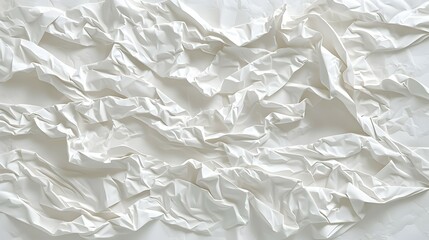 A close-up of crumpled white paper, creating a textured and abstract background.
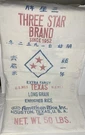 Three Star Brand Rice 50 Lb Bag Empty Texas 1960'S 30 16 Usa American. Fixed Price $11.25.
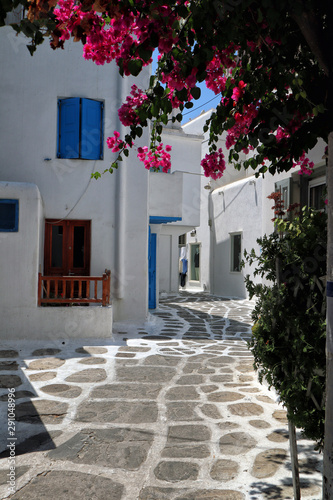 Colourful streets of the old town  Mykonos  Greek Islands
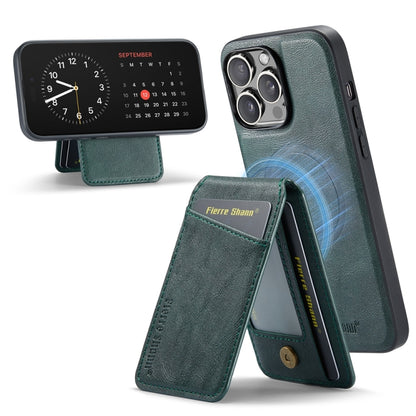 For iPhone 12 Pro Fierre Shann Cowhide Vertical Flip Magnetic Card Holder Phone Case(Green) - iPhone 12 / 12 Pro Cases by FIERRE SHANN | Online Shopping UK | buy2fix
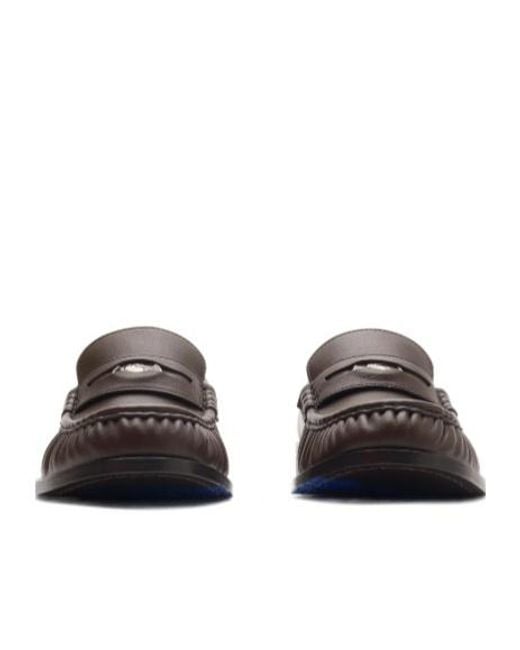 Burberry Brown Cadet Gathered-Detail Loafers for men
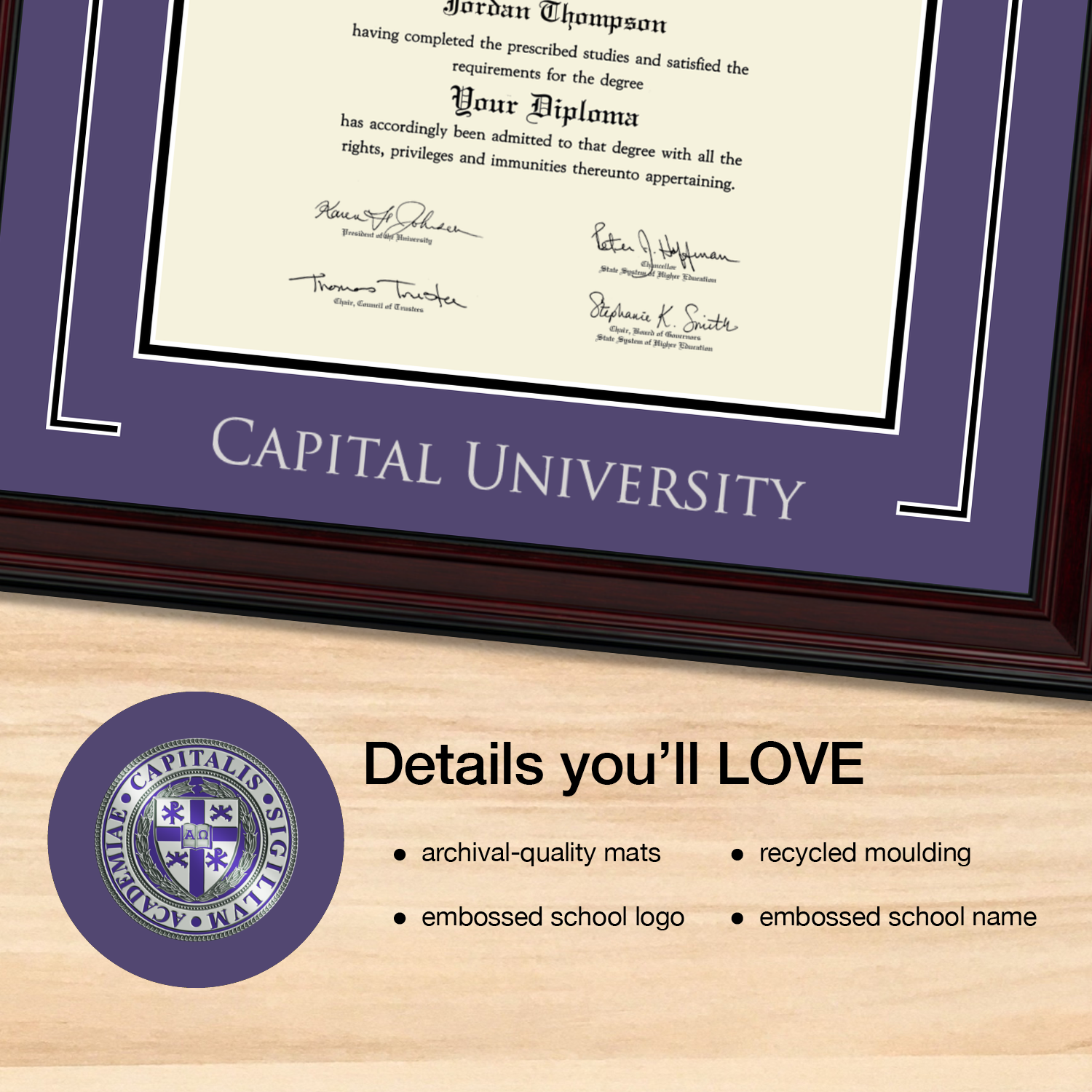 Showcase Edition Diploma Frame in Encore Capital University - Item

◆ ◆ ◆ ◆ ◆ ◆ ◆

Give back exactly, and only, the lines from the one holding "Burberry Brown Cadet" through the last line of the entries, with every picture omitted.

 Burberry Brown Cadet Gathered-Detail Loafers for men
 Showcase Edition Diploma Frame in Encore Capital University - Item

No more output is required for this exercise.